Data records
++++++++

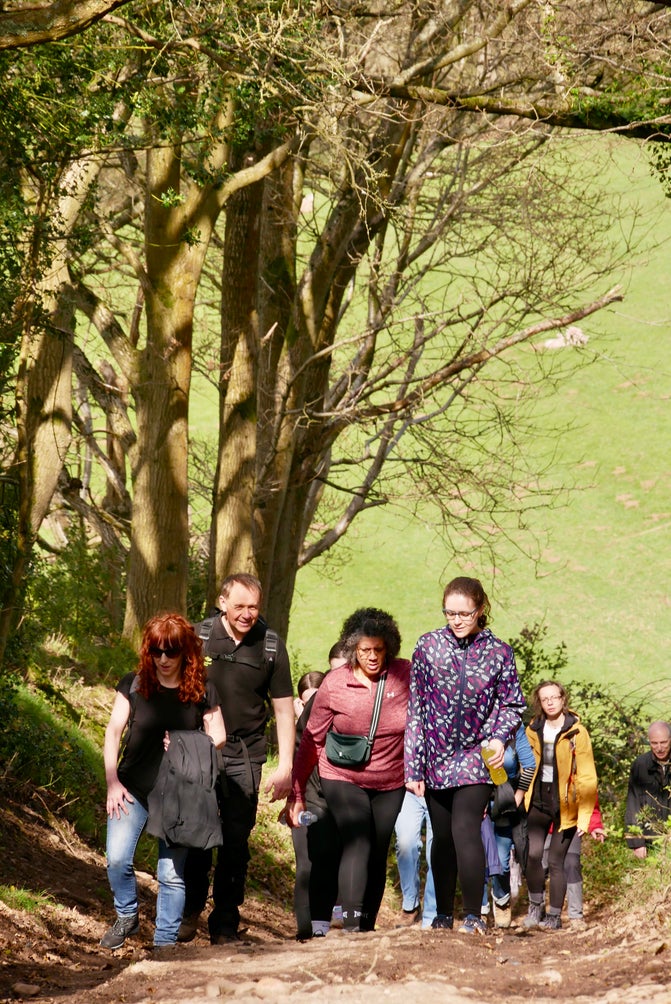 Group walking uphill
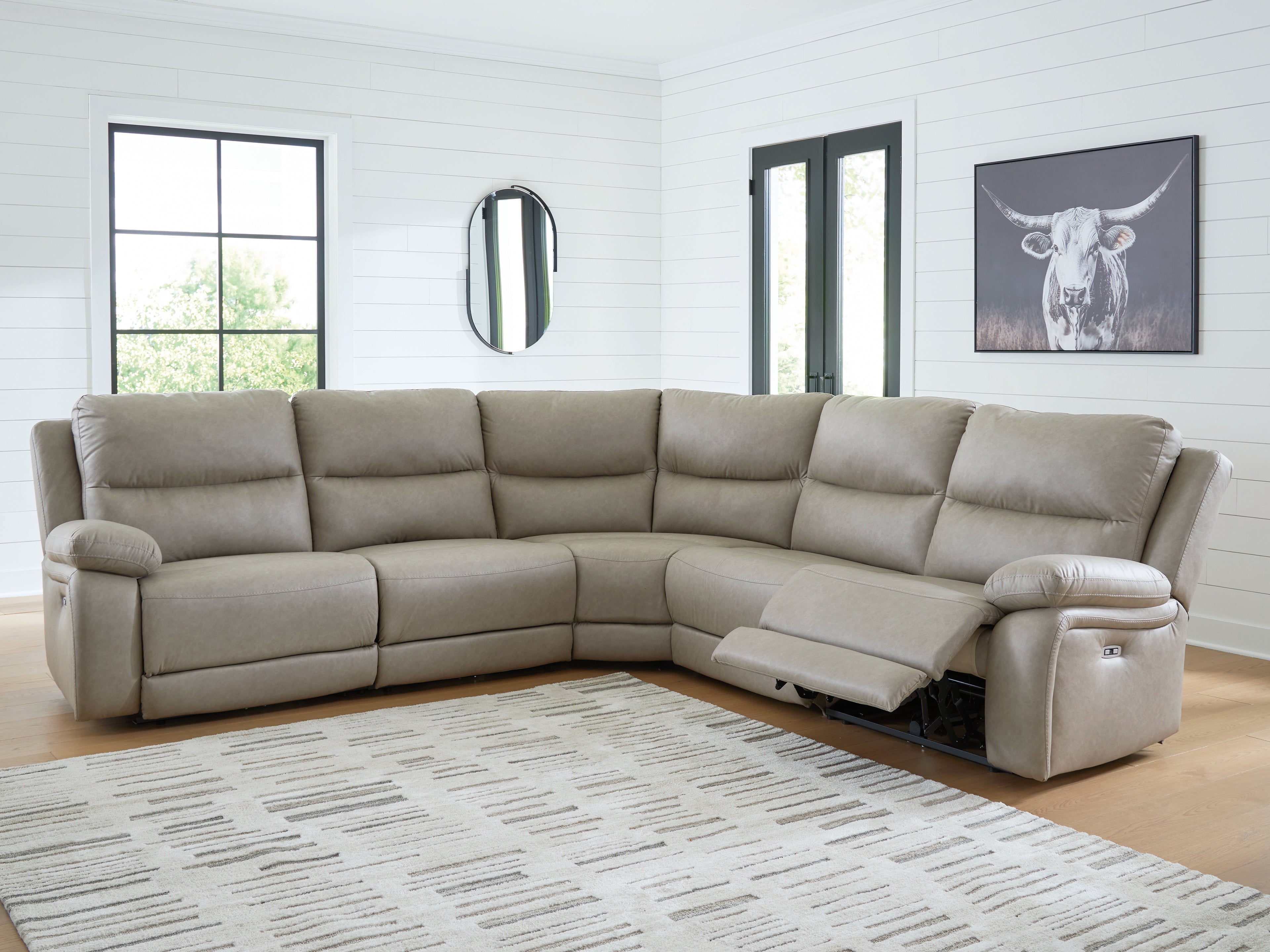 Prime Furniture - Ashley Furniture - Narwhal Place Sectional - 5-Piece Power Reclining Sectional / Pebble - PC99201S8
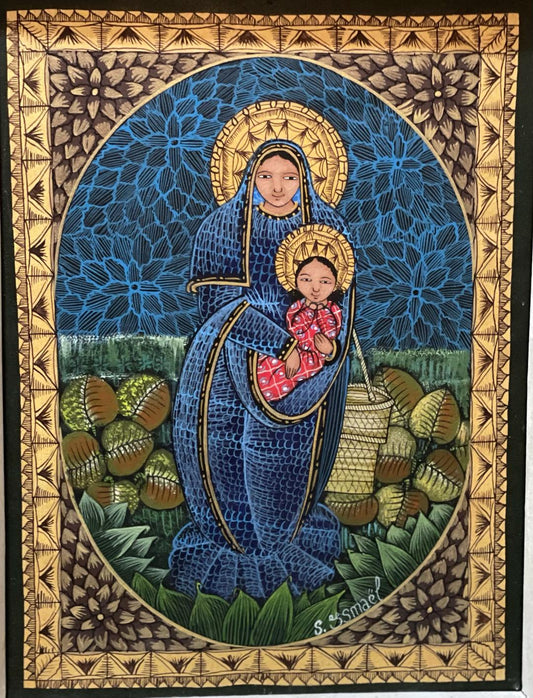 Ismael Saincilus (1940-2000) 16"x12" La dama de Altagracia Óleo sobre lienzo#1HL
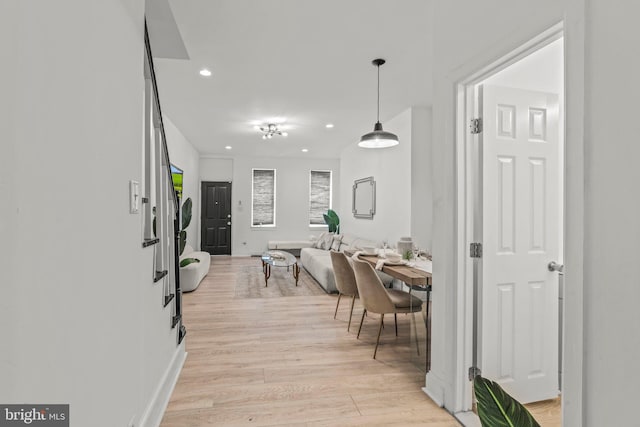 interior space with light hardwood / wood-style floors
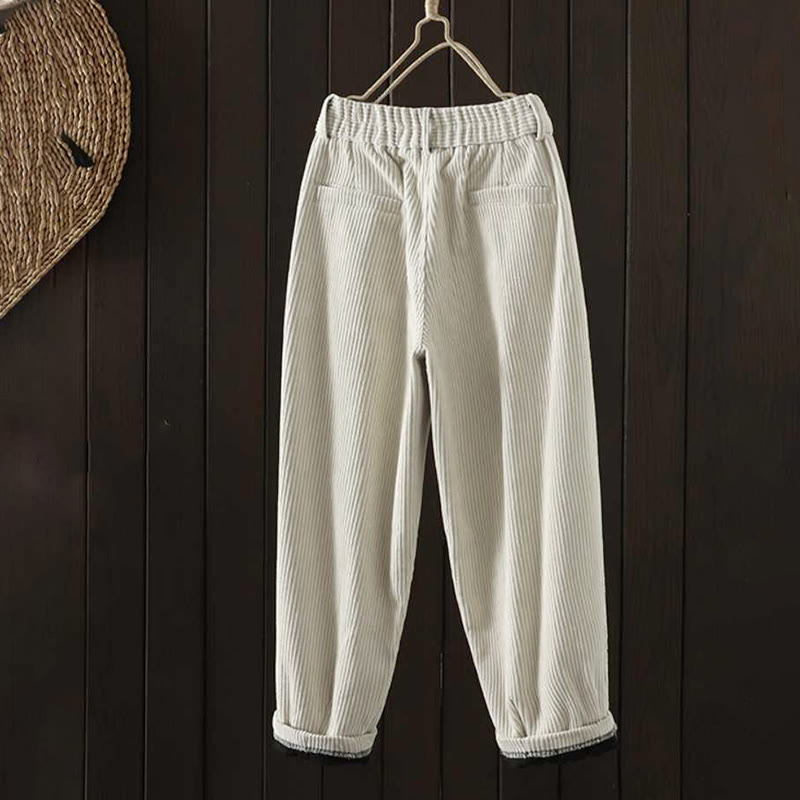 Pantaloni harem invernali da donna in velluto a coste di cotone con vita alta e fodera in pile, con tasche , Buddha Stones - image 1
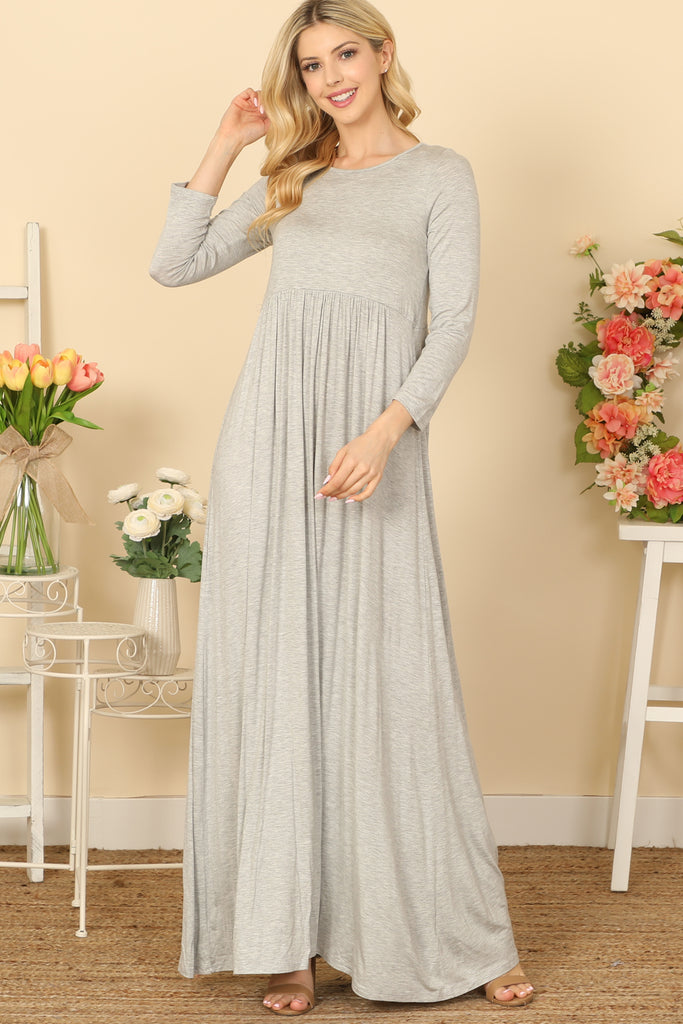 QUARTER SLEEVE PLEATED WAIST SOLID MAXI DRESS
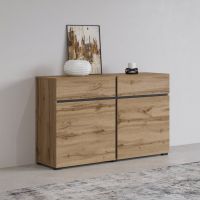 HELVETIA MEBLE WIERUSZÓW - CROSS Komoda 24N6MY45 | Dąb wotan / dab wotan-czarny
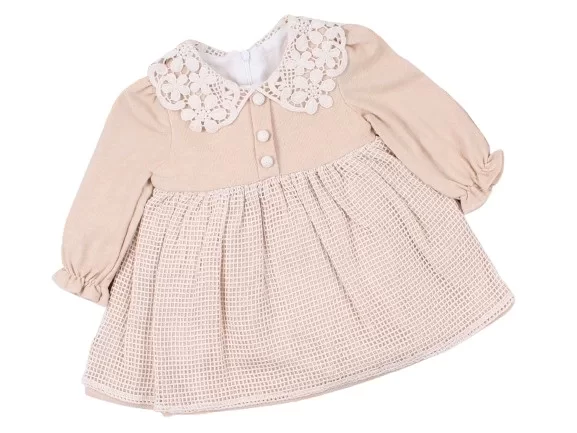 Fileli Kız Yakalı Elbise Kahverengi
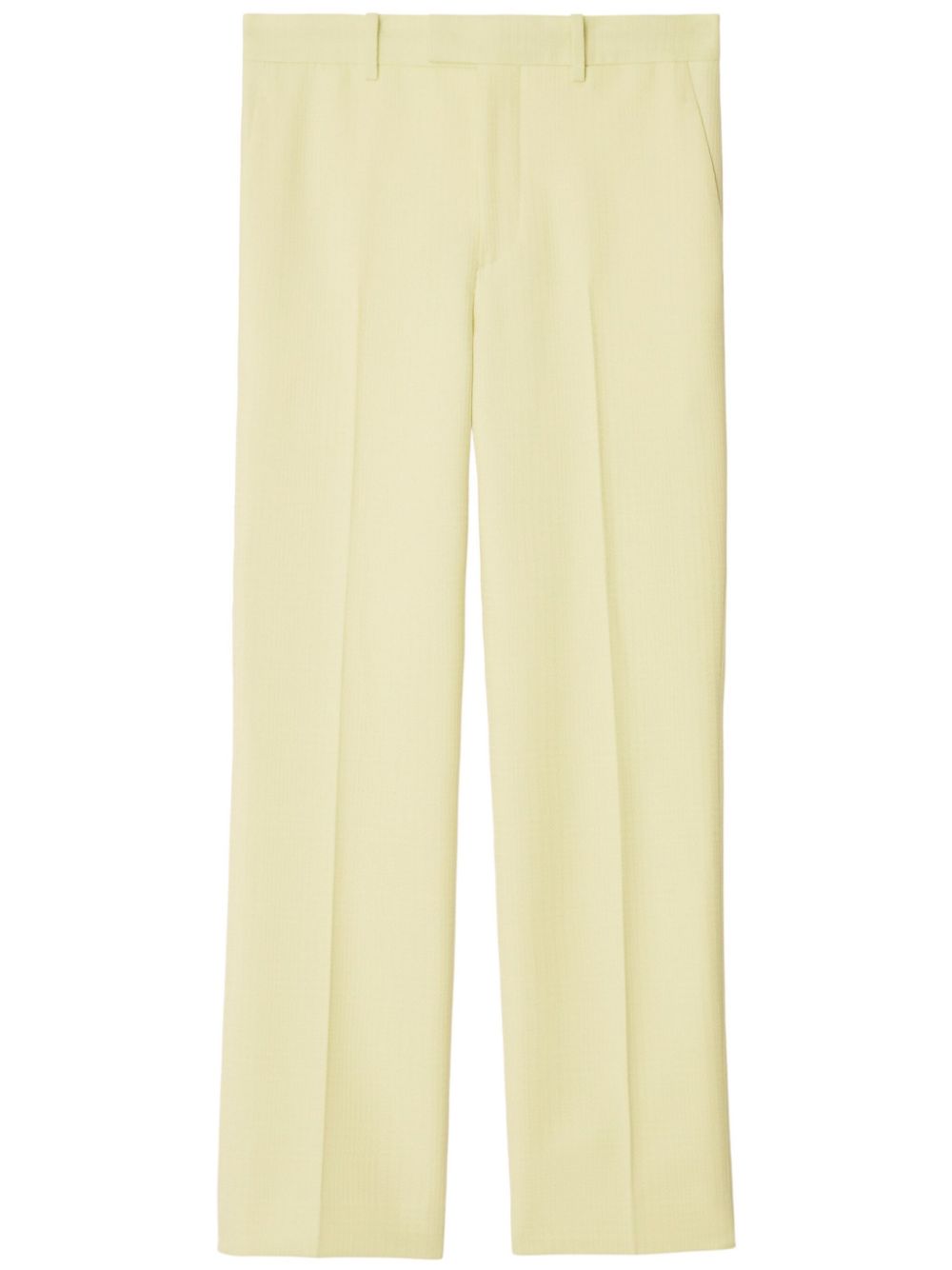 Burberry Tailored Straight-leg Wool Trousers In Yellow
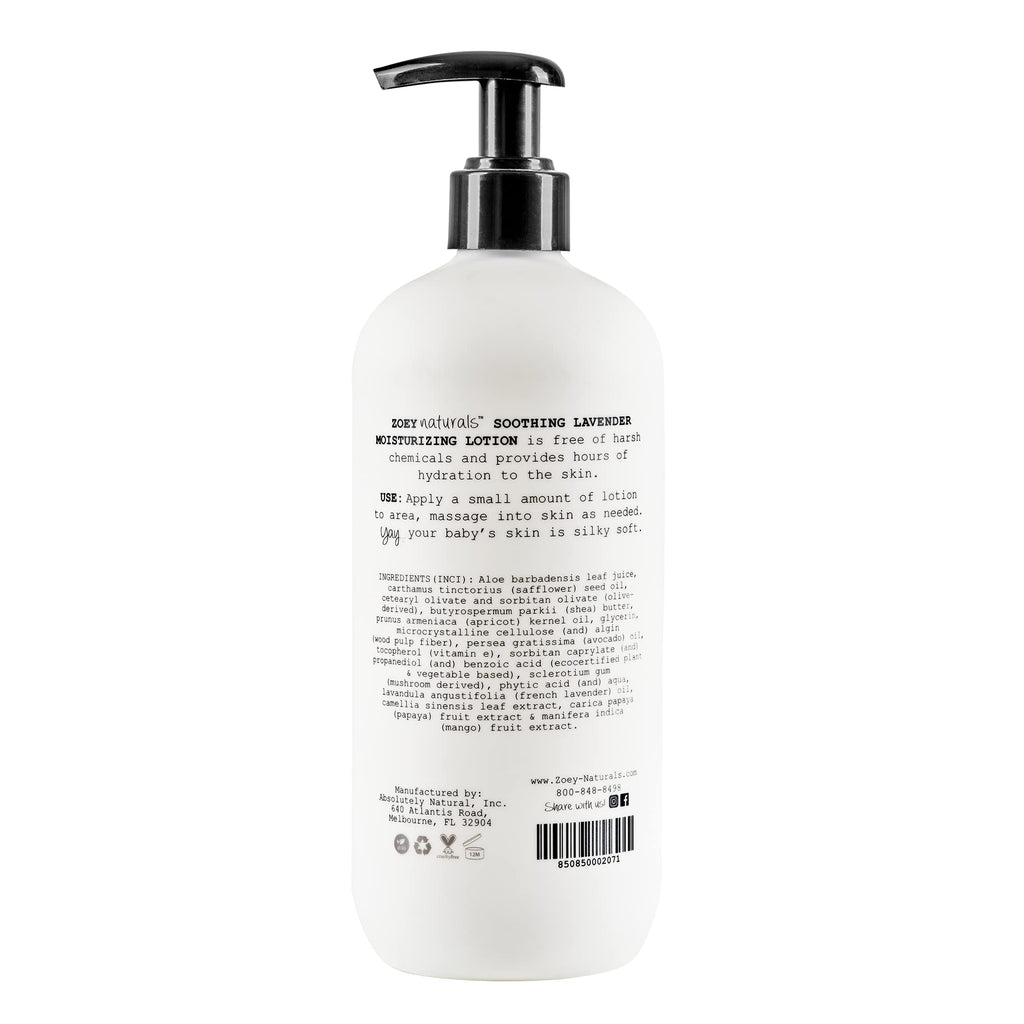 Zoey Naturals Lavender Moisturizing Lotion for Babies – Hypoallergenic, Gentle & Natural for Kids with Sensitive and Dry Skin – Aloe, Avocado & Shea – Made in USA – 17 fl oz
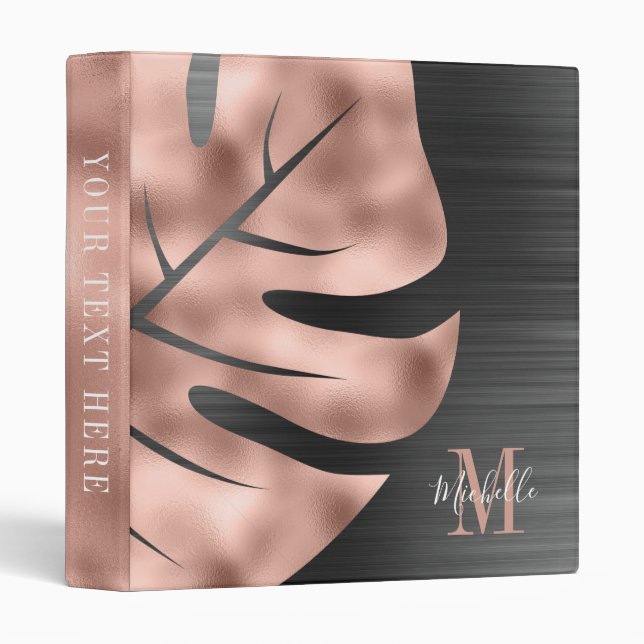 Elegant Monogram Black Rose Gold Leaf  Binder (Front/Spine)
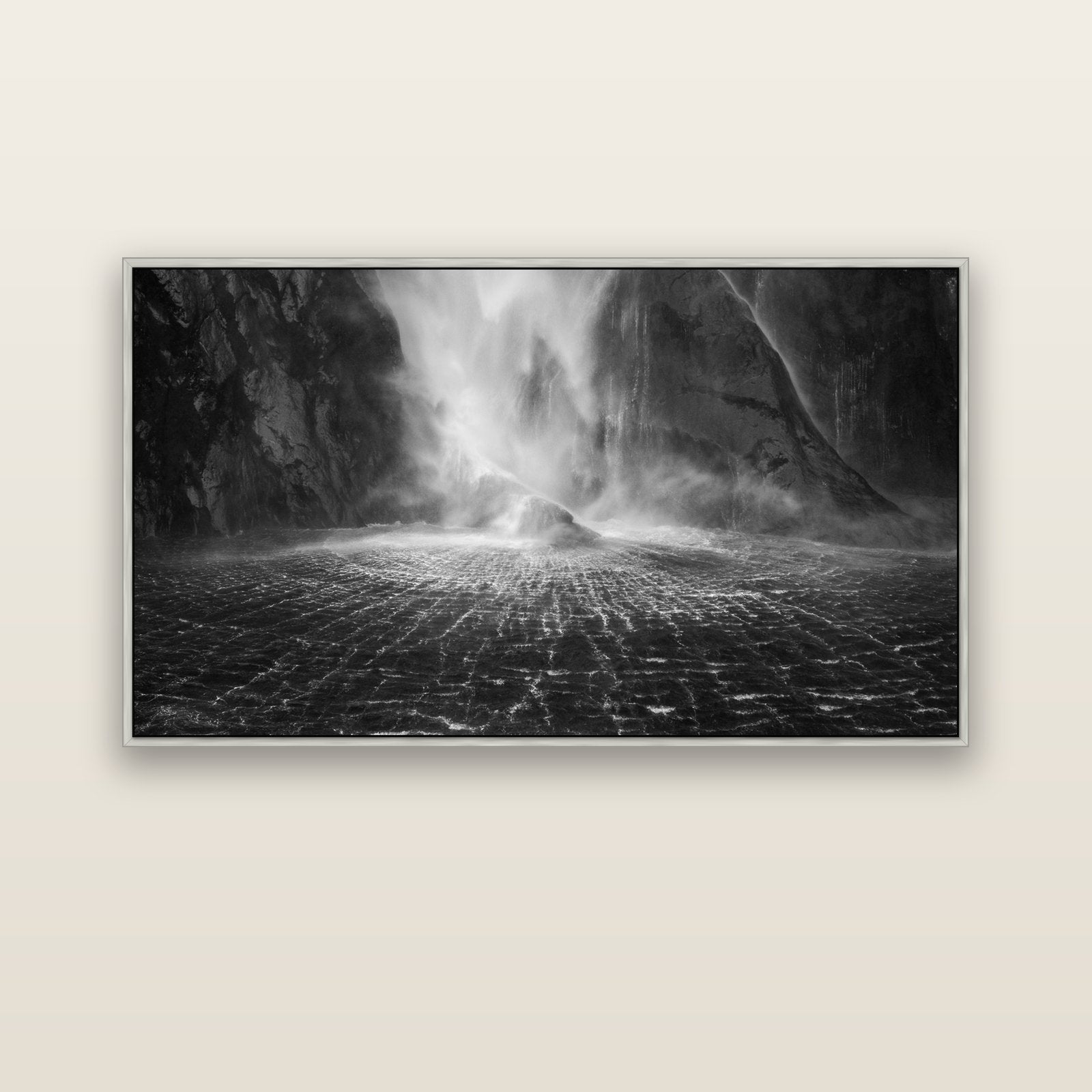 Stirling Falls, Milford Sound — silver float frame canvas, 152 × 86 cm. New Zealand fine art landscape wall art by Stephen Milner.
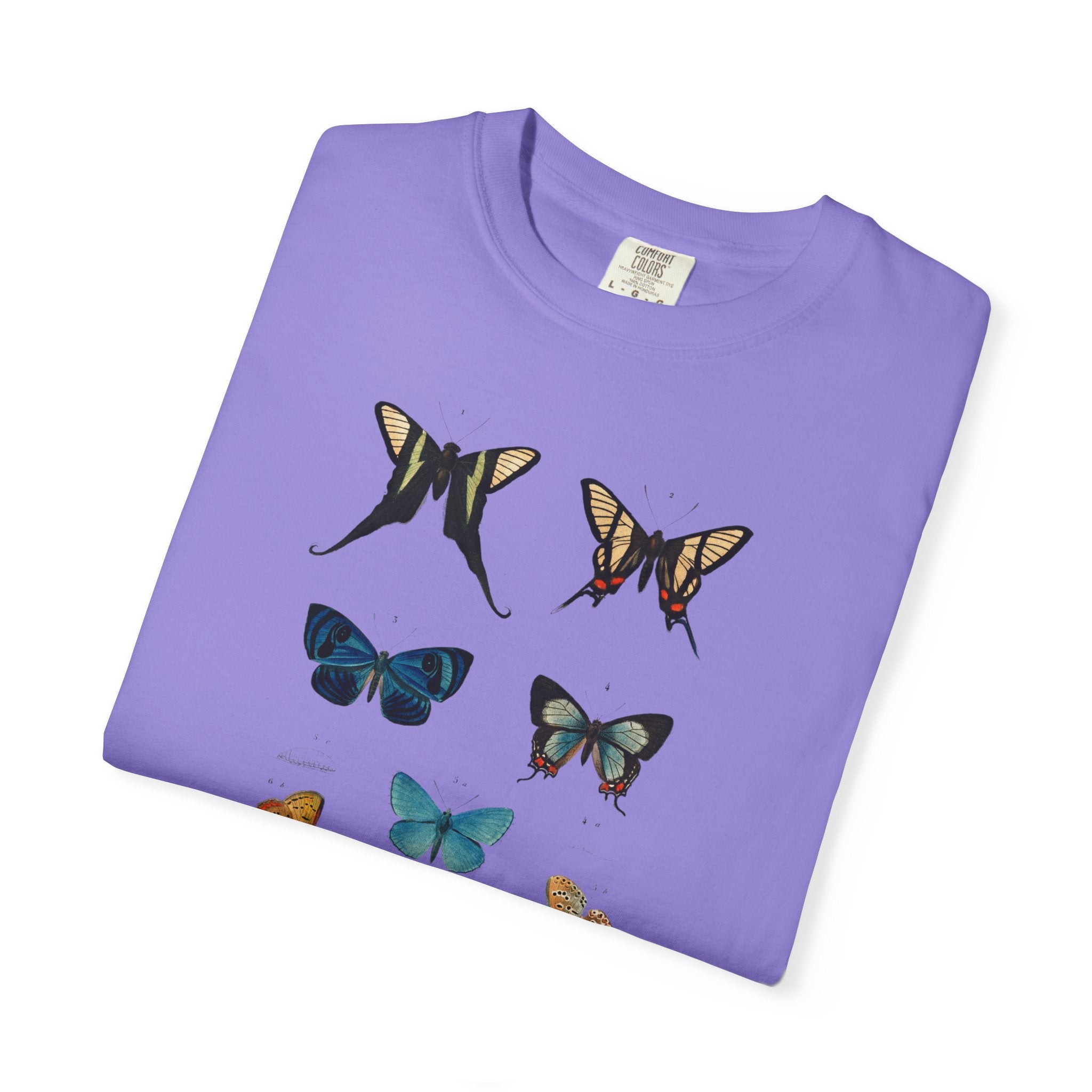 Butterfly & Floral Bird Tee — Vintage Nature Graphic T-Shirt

++++++++

Leave out the pictures, and write out all the remaining data above exactly.

 Group walking uphill
 Prime Furniture - Ashley Furniture - Narwhal Place Sectional - 5-Piece Power Reclining Sectional / Pebble - PC99201S8
 Ismael Saincilus (1940-2000) 16"x12" La dama de Altagracia Óleo sobre lienzo#1HL
 interior space with light hardwood / wood-style floors
 Pantaloni harem invernali da donna in velluto a coste di cotone con vita alta e fodera in pile, con tasche , Buddha Stones - image 1
 QUARTER SLEEVE PLEATED WAIST SOLID MAXI DRESS
 HELVETIA MEBLE WIERUSZÓW - CROSS Komoda 24N6MY45 | Dąb wotan / dab wotan-czarny
 Fileli Kız Yakalı Elbise Kahverengi
 Burberry Tailored Straight-leg Wool Trousers In Yellow
 Zoey Naturals Lavender Moisturizing Lotion for Babies – Hypoallergenic, Gentle & Natural for Kids with Sensitive and Dry Skin – Aloe, Avocado & Shea – Made in USA – 17 fl oz
 Elegant Monogram Black Rose Gold Leaf  Binder (Front/Spine)
 Stirling Falls, Milford Sound — silver float frame canvas, 152 × 86 cm. New Zealand fine art landscape wall art by Stephen Milner.
 Butterfly & Floral Bird Tee — Vintage Nature Graphic T-Shirt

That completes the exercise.